Work instructions. Copy each line below word for word and drop every image.

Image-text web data
BEGIN
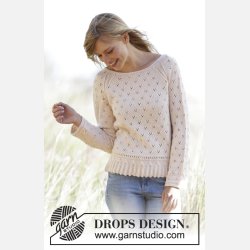 Drops - Vintage Charmer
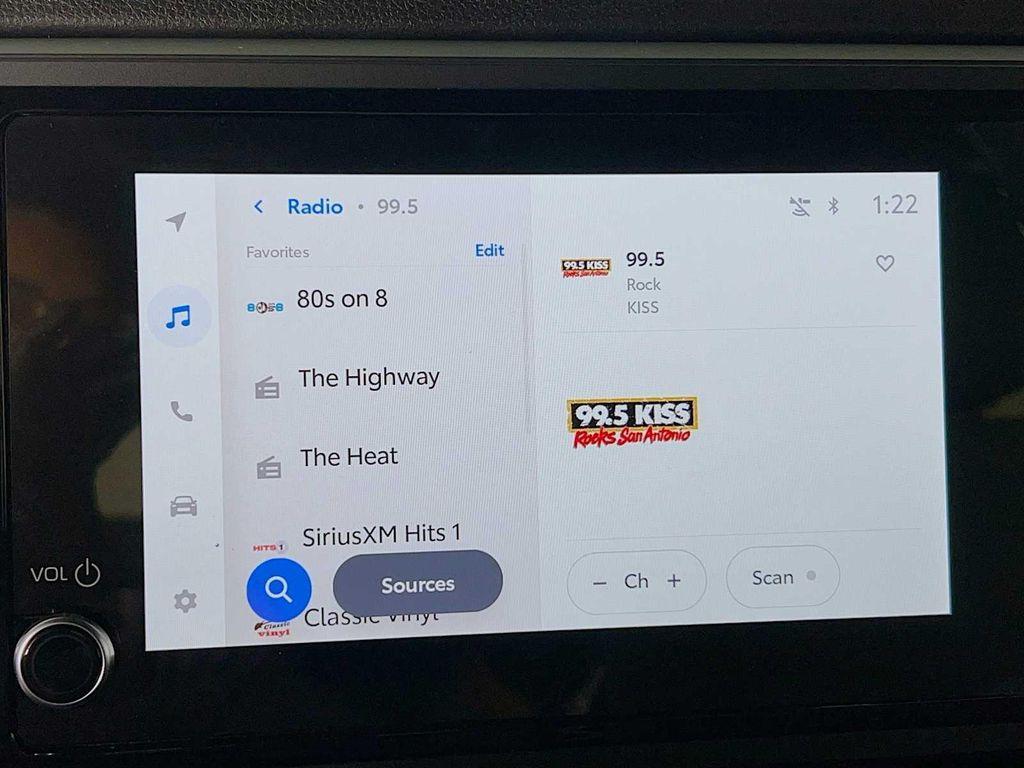 new 2026 Toyota Tundra car, priced at $53,824
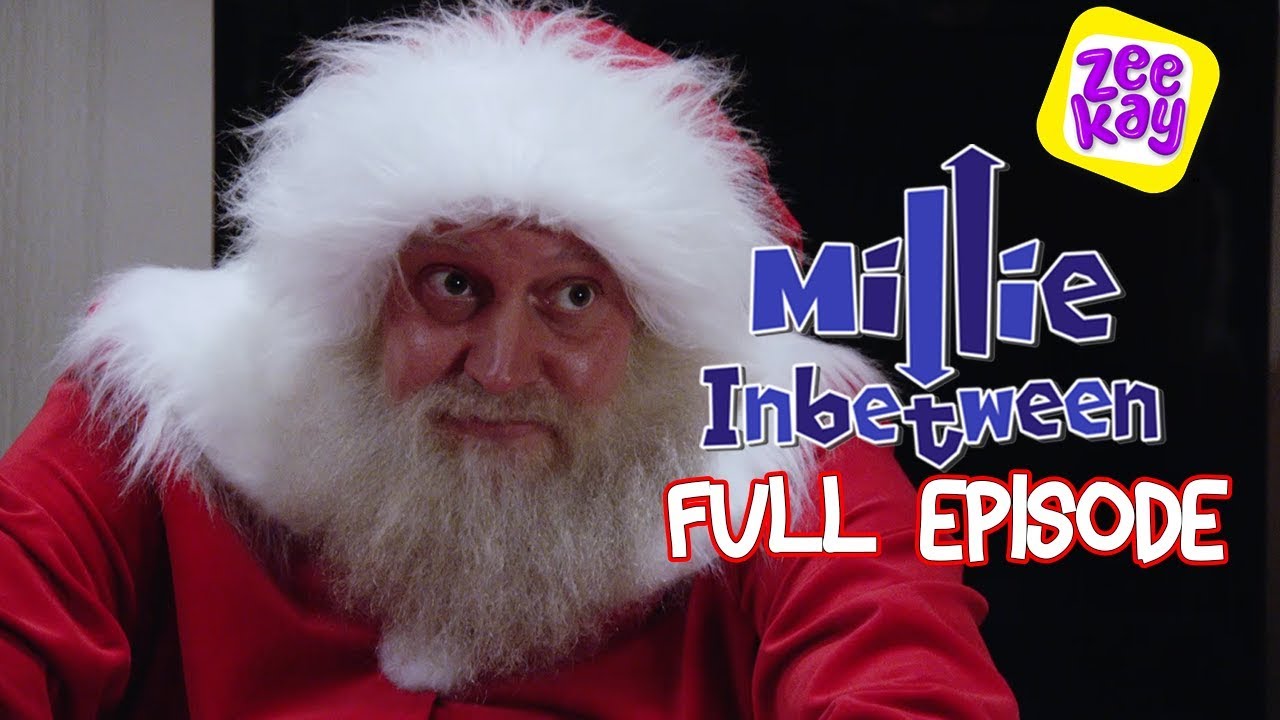 Craig Come Home | Millie Inbetween - Series 2, Episode 5 | ZeeKay
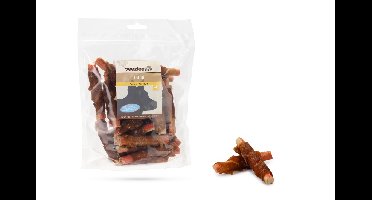 Beeztees hondensnack Tafila Sticks Kip 400 gram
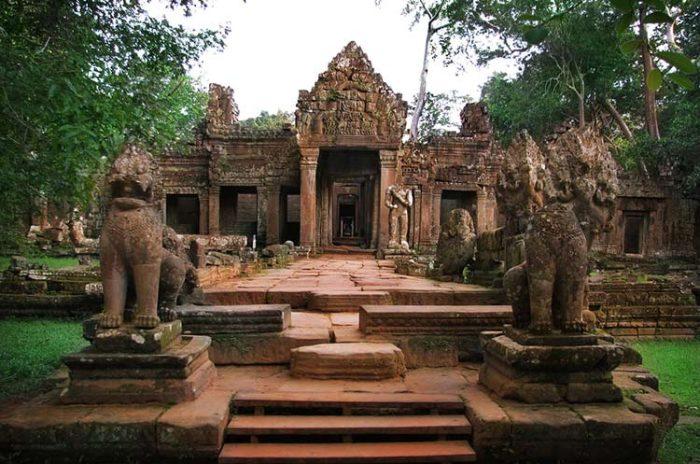 Ultimate Angkor Wat Sunrise Tour - Two Days Private - Image 5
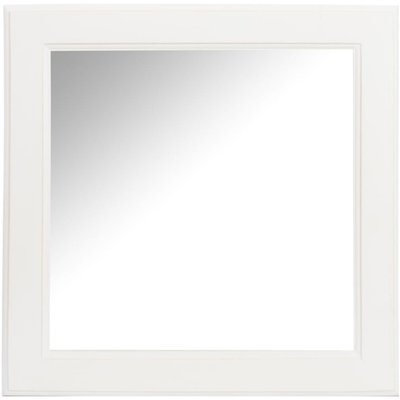 Miroir en bois, carré, Blessington JOLIPA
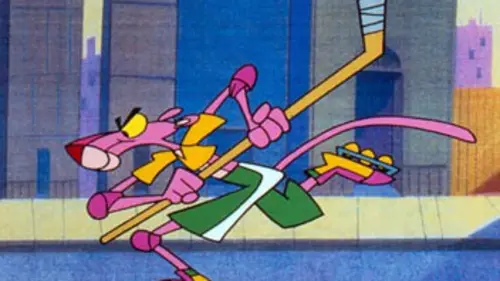 La Panthère rose S01E02 La Panthère et le moustique en streaming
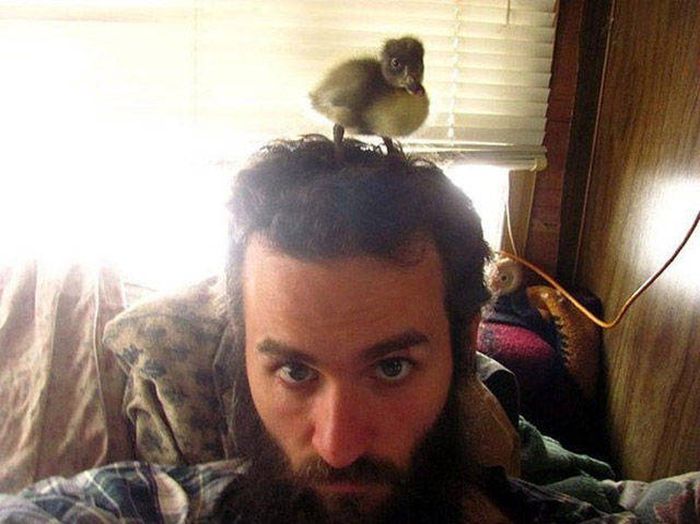 Exciting Pictures That Say Much More Than Just A Thousand Words (40 pics)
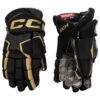 CCM Tacks AS-V Pro Junior Hockey Gloves -Bauer ccmasvprogloves 43165895 0a29 4b71 b429 a30d41ae1ba6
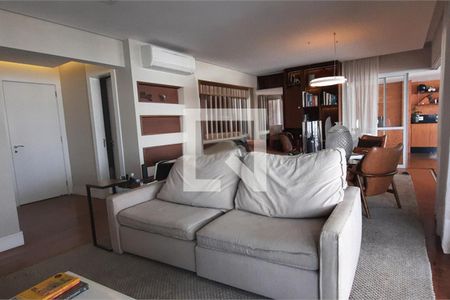 Apartamento à venda com 4 quartos, 250m² em Vila Mariana, São Paulo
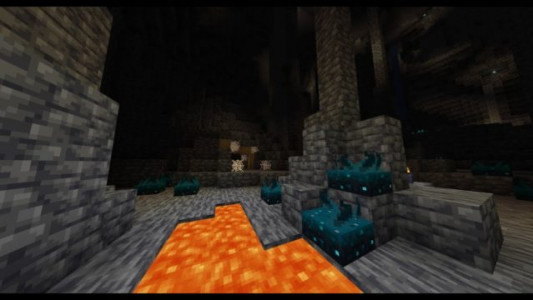Minecraft 1.19.20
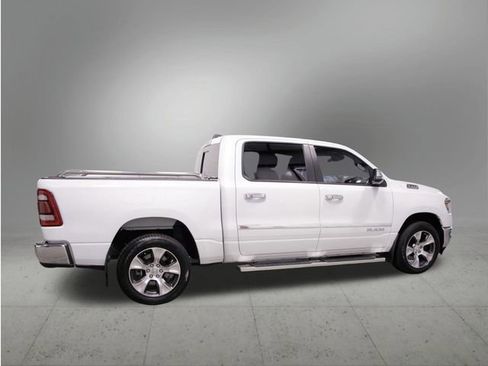 Used 2023 RAM 1500 Laramie image 9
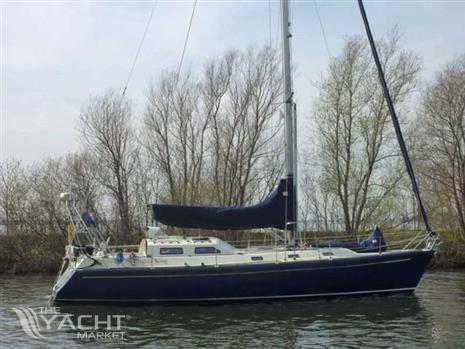 CUSTOM NORTHERN COMFORT 43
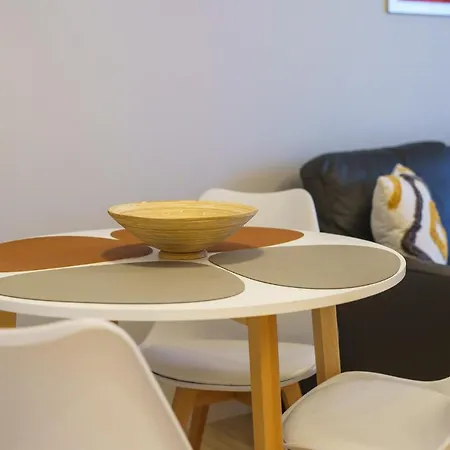 Appartement Nadmorskie - Spacerowy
END
Answer section.
 Drops - Vintage Charmer
 new 2026 Toyota Tundra car, priced at $53,824
 Craig Come Home | Millie Inbetween - Series 2, Episode 5 | ZeeKay
 Beeztees hondensnack Tafila Sticks Kip 400 gram
 Ultimate Angkor Wat Sunrise Tour - Two Days Private - Image 5
 Miroir en bois, carré, Blessington JOLIPA
 La Panthère rose S01E02 La Panthère et le moustique en streaming
 Exciting Pictures That Say Much More Than Just A Thousand Words (40 pics)
 CCM Tacks AS-V Pro Junior Hockey Gloves -Bauer ccmasvprogloves 43165895 0a29 4b71 b429 a30d41ae1ba6
 Apartamento à venda com 4 quartos, 250m² em Vila Mariana, São Paulo
Minecraft 1.19.20
 Used 2023 RAM 1500 Laramie image 9
 CUSTOM NORTHERN COMFORT 43
 Appartement Nadmorskie - Spacerowy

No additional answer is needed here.